On retrouve donc une chanson comme « Our Love Will Change The World », qui est très joyeuse, excepté les paroles. Les paroles sont un peu subversives. Il y a beaucoup d’humour dans les textes de l’album avec des chansons comme « I Hate You ». Le groupe originel s’est séparé en 1974, mais nous nous sommes séparés sans rancune, en étant amis. Donc même après, Dennis [Dunaway], Neal [Smith], Michael [Bruce] et moi avons toujours travaillé ensemble sur différents projets. Vu que, généralement, dans tous les groupes les membres se détestent, nous avons décidé de faire une chanson où un gars chante à propos d’un des autres gars. Nous nous critiquons les uns les autres. J’ai trouvé cette chanson très drôle et, au final, elle était aussi touchante parce que nous parlions tous de Glen [Buxton] qui est décédé. Nous disions : « Le vide que tu as laissé sur scène est la raison pour laquelle nous te détestons le plus. » Il nous manque. C’est donc une chanson très touchante, mais plein de chansons ont un côté humoristique. La reprise du « Rock & Roll » de Lou Reed était vraiment parfaite pour cet album. Bob Ezrin avait travaillé avec Lou Reed et j’ai connu Lou Reed il y a longtemps, mais nous lui avons donné un coup de boost, nous avons mis Bonamassa et Steve Hunter aux guitares et nous les avons laissés se lâcher.
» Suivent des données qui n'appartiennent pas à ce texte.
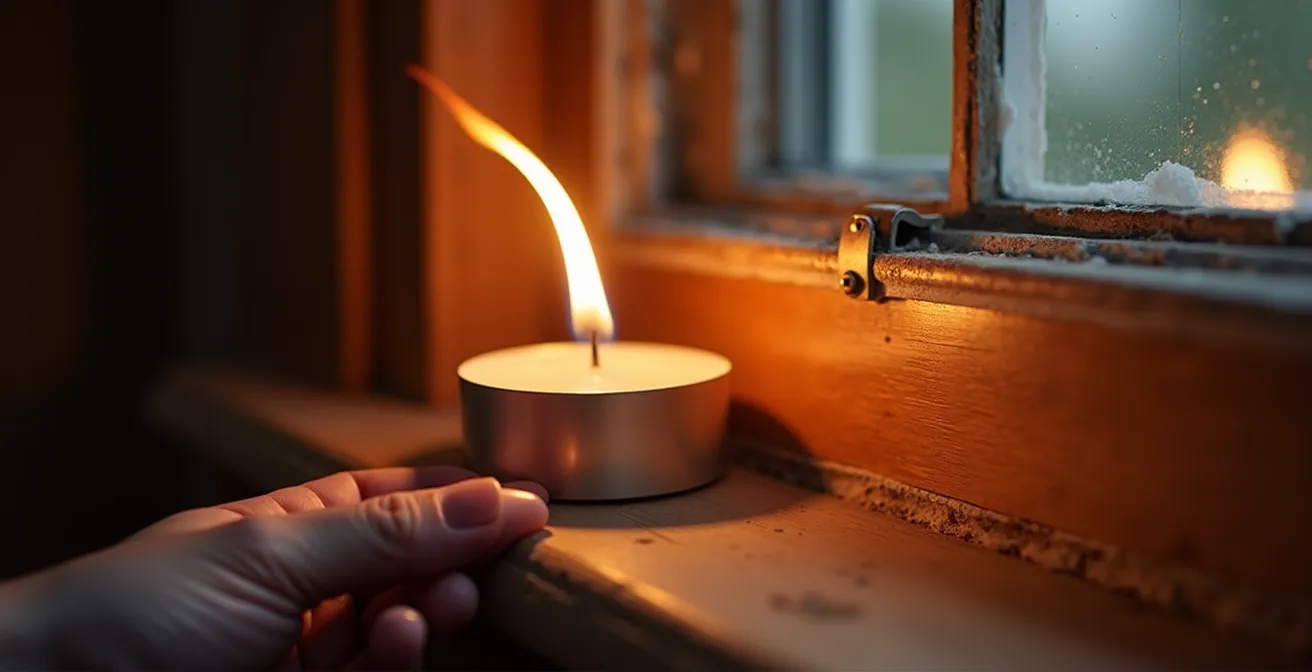 Main tenant une bougie près d'une fenêtre pour détecter les infiltrations d'air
Je trouve qu’un des meilleurs trucs dans cette chanson, c’est la batterie, Johnny « Bee » [Badanjek] joue comme un acharné sur cette chanson.
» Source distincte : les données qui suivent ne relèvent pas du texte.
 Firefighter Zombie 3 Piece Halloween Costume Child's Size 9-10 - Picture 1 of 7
« Je pense que notre plus grande responsabilité, puisqu’on ne peut pas tourner, c’est de continuer à faire de la musique. Nous sommes des entertainers. »

Tu viens de parler de la chanson « I Hate You » : il se trouve qu’aujourd’hui, tu es un artiste très respecté, mais as-tu été confronté à beaucoup de haine au cours de ta carrière ?
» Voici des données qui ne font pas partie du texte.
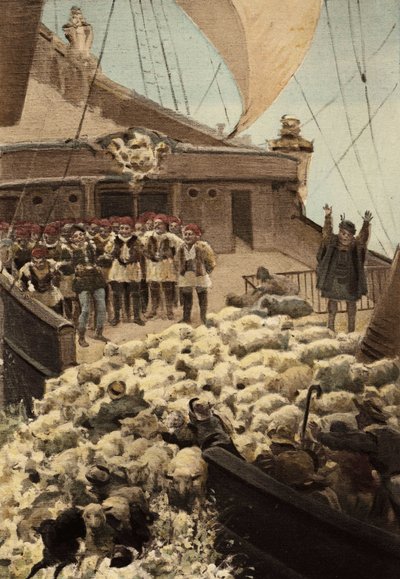 Pecore di Panurge: sulla barca di Dindenaut (Dindenault), pecore e mercanti si gettano in mare. Pantagruel. illustrazione di Jules Garnier. Rabelais e l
Au tout début, oui. J’ai commencé à réfléchir il y a quelques jours aux ennemis que j’avais mais, en fait, je n’en ai aucun ! Je ne me dispute avec personne, je n’ai pas vraiment d’ennemi. Au début, ce que nous faisions était si choquant que tout le monde soit était méfiant, soit ne voulait rien savoir à notre sujet. La raison était que les groupes avaient un peu peur de nous car peut-être qu’ils voyaient en nous le futur, peut-être qu’ils voyaient qu’ils ne pourraient plus se contenter d’être là à jouer leurs chansons. Ils allaient devoir faire quelque chose pour faire réagir le public car maintenant, il y avait Alice Cooper avec sa production scénique et tout le monde les regardait en disant : « Comment se fait-il que vous ne faites aucune production scénique ? » Plein de groupes ne nous aimaient pas parce que nous menacions leur position mais, en dehors de ça, je n’ai jamais eu d’ennemi. Marilyn Manson n’a jamais été un ennemi, [David] Bowie n’a jamais été un ennemi, Iggy [Pop] n’a jamais été un ennemi… Quand Kiss a débarqué, les gens ont toujours cru que nous serions ennemis parce que j’avais été le premier à me maquiller et ensuite ils sont arrivés et l’ont également fait. Nous étions amis. Je leur ai juste dit : « Si vous comptez vous maquiller, assurez-vous juste que votre maquillage ne ressemble pas au mien. » Je me suis attendu à ce qu’il y ait plein de groupes théâtraux après que nous ayons percé et eu des hits, donc je n’étais pas choqué par Kiss, Bowie, Manson et tous ces gens.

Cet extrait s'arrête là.